Amid global skepticism and fear over the risks of nuclear power (and understandably so) emerges an open letter from four esteemed climate scientists pleading with environmental policy makers to change their stance on nuclear power before we reach a tipping point; in their view, its our best solution. Nuclear has the twin benefits of zero carbon emissions and the strength to handle our massive demands for lights, heat and cooling.

Significant action against climate change is slow to permeate any countries, even the ones that raise the most fanfare. Changes are being made, but not enough and not with unanimous cooperation. Based on the limp description of the Copenhagen summit in 2009 below, it would appear this meeting wasn’t even worth the carbon emissions of the private jets world leaders undoubtedly took to get there.

Climate negotiations have been moving at a glacial pace since a meeting in Copenhagen in 2009 that ended in acrimony after the United States and rapidly developing countries like China were unable to come to terms on how to allocate responsibility,” write Hiroko Tabuchi and David Jolly in Japan Shelves Plans to Slash Emissions, Citing Fukushima

Currently, world leaders are meeting in Warsaw, with last week’s devastating Typhoon Haiyan in the Philippines a serious reminder of the consequences of continued stasis. Nadarev Saño, Phillipines representative at the conference, connects climate change with Haiyan, and does not doubt more powerful storms will continue as sea levels and average temperatures rise.

“As the Earth warms up, that would include the oceans.
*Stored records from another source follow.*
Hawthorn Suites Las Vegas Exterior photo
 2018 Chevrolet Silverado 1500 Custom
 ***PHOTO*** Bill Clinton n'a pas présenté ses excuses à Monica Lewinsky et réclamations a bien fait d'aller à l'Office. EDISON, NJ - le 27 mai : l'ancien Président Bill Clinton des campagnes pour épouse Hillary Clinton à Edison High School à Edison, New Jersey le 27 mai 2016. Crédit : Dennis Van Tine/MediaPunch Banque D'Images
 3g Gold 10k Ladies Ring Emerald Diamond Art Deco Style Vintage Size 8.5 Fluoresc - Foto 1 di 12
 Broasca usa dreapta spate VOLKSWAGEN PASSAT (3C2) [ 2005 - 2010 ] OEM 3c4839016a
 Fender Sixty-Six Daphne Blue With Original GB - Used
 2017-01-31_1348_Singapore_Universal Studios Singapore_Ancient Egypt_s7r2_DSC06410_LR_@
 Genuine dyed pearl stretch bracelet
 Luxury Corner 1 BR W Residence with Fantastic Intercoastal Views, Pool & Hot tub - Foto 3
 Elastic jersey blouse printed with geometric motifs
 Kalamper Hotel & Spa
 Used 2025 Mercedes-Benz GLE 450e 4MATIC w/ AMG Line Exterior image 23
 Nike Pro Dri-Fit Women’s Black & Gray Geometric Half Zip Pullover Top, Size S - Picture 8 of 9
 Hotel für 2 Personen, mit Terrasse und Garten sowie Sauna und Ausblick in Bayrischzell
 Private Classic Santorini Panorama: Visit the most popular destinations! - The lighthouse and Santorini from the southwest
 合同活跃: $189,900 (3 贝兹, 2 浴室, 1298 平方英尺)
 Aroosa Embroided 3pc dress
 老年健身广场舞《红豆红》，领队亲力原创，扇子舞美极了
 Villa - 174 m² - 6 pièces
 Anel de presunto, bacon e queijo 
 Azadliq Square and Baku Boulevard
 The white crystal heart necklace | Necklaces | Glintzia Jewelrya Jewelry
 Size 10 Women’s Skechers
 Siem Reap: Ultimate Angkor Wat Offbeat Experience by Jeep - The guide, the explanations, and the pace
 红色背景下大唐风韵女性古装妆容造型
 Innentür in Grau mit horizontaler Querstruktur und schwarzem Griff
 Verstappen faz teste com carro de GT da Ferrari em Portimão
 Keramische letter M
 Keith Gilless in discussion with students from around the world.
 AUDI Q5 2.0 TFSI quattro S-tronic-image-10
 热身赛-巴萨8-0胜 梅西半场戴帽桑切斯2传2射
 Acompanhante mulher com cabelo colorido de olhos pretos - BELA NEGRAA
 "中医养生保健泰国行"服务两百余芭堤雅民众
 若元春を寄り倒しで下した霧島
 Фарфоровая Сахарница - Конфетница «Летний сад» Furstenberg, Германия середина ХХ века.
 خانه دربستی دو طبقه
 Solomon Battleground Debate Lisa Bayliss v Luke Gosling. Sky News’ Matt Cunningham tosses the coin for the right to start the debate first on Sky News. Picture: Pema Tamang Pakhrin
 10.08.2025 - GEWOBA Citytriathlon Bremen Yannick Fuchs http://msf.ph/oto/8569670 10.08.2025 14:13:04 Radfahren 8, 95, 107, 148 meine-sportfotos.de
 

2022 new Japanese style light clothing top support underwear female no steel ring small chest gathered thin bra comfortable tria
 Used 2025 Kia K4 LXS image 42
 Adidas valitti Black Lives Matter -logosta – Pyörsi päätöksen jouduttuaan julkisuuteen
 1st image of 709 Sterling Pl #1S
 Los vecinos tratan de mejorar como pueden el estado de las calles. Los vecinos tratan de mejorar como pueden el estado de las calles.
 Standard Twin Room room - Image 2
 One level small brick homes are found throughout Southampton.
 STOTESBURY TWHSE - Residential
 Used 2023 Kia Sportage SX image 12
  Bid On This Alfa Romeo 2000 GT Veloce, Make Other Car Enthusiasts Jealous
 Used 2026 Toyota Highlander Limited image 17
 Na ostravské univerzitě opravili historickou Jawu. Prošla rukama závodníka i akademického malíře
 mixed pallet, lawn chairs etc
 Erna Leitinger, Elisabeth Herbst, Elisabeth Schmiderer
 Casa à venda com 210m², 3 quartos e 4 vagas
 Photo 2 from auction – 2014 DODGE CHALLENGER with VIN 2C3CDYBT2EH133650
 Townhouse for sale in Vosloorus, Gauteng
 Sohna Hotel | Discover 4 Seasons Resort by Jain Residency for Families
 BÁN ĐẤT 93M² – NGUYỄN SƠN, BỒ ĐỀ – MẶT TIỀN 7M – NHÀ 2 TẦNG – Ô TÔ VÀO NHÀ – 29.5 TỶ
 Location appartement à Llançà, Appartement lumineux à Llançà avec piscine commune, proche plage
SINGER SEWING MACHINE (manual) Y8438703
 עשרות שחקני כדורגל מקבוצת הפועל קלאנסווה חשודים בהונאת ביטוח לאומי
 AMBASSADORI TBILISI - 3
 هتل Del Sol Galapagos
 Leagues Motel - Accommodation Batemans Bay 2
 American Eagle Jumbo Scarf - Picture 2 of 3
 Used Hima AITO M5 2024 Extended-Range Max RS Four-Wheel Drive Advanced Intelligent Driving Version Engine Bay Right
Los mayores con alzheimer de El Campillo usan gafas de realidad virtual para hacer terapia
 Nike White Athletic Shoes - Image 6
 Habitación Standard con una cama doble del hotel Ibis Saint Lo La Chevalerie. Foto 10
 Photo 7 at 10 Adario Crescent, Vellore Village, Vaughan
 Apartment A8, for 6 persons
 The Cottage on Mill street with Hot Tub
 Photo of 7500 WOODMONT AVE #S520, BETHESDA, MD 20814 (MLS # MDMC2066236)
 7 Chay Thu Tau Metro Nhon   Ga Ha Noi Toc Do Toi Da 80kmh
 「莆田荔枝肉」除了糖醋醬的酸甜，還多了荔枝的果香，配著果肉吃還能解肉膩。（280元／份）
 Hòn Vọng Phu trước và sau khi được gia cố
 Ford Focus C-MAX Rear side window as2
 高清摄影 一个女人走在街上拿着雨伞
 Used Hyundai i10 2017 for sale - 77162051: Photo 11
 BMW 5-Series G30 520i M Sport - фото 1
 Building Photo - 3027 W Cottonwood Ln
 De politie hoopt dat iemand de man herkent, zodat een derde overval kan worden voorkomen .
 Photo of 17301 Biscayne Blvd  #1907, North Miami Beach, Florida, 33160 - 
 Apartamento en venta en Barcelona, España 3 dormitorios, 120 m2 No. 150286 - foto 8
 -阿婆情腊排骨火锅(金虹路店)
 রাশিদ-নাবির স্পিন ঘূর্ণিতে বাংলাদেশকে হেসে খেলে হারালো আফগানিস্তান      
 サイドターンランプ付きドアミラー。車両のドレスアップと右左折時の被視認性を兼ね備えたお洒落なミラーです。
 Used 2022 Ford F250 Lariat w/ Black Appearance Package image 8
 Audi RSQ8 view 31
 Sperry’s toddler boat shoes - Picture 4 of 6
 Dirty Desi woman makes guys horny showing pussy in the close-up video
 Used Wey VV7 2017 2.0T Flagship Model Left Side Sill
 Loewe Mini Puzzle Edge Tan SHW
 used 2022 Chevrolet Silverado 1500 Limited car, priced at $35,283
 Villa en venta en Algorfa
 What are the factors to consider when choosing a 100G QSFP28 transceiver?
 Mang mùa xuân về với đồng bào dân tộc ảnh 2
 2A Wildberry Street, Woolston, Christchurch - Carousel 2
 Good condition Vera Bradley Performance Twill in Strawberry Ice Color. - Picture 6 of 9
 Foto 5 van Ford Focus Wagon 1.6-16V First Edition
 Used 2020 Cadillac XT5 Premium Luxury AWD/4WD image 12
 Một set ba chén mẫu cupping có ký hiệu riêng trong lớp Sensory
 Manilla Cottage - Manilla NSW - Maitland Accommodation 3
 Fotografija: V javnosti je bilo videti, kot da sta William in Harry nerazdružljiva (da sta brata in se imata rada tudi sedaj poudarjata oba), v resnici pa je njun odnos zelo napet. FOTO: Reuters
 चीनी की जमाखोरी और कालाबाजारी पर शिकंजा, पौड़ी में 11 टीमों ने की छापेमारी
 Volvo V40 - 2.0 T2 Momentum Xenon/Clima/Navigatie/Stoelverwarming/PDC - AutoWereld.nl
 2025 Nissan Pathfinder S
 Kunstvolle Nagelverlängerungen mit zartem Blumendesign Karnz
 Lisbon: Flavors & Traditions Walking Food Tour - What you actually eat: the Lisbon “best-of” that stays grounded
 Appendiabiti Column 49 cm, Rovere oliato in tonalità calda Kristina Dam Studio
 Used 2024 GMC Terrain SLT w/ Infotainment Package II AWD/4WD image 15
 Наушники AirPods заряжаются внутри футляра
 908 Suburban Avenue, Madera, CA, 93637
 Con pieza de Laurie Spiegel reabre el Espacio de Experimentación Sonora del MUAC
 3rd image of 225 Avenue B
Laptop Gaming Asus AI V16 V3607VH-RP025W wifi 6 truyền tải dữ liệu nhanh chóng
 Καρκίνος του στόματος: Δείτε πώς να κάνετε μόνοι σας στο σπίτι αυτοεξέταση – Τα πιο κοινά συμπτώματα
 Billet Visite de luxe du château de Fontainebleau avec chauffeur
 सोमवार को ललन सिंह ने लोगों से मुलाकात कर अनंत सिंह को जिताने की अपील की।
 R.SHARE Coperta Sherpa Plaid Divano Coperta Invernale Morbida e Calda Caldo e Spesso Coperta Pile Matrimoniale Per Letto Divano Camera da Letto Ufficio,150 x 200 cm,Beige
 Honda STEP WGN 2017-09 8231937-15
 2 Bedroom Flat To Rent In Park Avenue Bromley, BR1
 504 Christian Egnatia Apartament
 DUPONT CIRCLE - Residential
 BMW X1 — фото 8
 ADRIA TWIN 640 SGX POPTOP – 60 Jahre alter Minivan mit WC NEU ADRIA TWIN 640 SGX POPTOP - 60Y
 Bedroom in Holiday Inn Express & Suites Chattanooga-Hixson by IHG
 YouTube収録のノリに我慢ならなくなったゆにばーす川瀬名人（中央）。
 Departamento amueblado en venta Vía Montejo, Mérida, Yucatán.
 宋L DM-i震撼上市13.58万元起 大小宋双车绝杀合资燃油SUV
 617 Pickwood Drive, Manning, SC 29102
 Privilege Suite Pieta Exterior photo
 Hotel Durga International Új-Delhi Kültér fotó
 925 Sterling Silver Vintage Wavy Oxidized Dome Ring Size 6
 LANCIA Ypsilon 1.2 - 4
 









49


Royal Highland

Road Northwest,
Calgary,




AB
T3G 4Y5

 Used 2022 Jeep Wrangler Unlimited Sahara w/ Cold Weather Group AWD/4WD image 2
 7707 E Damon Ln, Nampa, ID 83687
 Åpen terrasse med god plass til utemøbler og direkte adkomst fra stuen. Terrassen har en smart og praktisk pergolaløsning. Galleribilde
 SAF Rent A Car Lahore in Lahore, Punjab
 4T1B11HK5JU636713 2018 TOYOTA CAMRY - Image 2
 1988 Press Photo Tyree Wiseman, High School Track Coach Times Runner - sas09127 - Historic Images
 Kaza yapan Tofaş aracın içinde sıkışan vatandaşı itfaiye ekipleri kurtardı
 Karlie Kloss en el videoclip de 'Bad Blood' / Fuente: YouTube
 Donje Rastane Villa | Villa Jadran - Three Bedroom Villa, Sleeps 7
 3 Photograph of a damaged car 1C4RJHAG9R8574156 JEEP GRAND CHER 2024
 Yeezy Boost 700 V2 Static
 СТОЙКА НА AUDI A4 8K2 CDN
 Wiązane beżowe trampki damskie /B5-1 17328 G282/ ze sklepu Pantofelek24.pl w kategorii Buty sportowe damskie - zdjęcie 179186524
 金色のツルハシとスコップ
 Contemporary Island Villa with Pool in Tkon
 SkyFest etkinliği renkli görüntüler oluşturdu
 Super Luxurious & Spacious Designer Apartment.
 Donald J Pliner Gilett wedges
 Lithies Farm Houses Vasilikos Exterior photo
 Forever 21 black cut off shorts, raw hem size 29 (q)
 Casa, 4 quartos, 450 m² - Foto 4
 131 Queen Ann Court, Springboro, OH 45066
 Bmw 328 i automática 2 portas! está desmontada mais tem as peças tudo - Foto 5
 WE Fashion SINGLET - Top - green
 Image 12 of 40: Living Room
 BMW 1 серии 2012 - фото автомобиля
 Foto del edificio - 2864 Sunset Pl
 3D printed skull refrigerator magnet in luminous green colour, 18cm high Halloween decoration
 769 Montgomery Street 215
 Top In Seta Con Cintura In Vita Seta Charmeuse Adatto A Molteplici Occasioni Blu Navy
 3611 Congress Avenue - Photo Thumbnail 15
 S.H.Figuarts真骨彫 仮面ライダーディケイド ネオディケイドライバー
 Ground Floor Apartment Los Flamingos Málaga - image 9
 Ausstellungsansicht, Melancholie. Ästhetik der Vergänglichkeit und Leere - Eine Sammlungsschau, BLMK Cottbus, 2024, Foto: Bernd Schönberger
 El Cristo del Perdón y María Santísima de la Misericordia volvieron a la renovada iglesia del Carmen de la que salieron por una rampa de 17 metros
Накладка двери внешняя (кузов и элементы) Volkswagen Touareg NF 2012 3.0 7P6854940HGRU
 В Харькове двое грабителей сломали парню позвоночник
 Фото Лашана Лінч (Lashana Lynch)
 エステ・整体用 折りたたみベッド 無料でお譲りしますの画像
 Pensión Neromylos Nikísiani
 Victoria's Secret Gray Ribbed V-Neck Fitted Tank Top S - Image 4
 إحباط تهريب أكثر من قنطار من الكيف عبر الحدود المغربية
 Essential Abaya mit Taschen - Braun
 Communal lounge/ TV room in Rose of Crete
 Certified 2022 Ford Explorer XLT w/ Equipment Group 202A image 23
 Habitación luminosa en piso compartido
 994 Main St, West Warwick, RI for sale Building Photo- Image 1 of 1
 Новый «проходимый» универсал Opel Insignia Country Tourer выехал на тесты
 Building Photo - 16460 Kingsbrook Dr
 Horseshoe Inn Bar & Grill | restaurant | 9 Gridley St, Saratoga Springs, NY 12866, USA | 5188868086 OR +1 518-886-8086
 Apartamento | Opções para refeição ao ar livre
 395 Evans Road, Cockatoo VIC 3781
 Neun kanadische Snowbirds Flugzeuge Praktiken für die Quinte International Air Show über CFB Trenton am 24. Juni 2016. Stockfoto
The energy that is stored in the waters off the Philippines will increase the intensity of typhoons and the trend we now see is that more destructive storms will be the new norm,” Saño, who is fasting during the conference to pressure world leaders to take action, tells National Geographic. “We refuse to accept that running away from storms, evacuating our families, suffering the devastation and misery, having to count our dead become a way of life…Typhoons such as Haiyan and its impacts represent a sobering reminder to the international community that we cannot afford to procrastinate on climate action.”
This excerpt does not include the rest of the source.